== Segment start ==

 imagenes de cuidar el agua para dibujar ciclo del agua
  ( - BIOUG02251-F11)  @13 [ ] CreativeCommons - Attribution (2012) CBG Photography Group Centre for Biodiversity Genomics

== Segment end ==
== Segment start ==

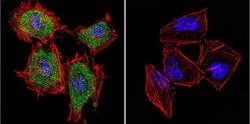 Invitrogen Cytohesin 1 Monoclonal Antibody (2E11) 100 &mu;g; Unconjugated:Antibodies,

== Segment end ==

§ **DESCRIPTION OF THE TASK**: Repeat exactly the lines of the listing above, from the one with "imagenes de cuidar" down to the one with "( - BIOUG02251-F11)"; both of those lines belong in the range.

§ **EXERCISE OUTPUT**:
 imagenes de cuidar el agua para dibujar ciclo del agua
  ( - BIOUG02251-F11)  @13 [ ] CreativeCommons - Attribution (2012) CBG Photography Group Centre for Biodiversity Genomics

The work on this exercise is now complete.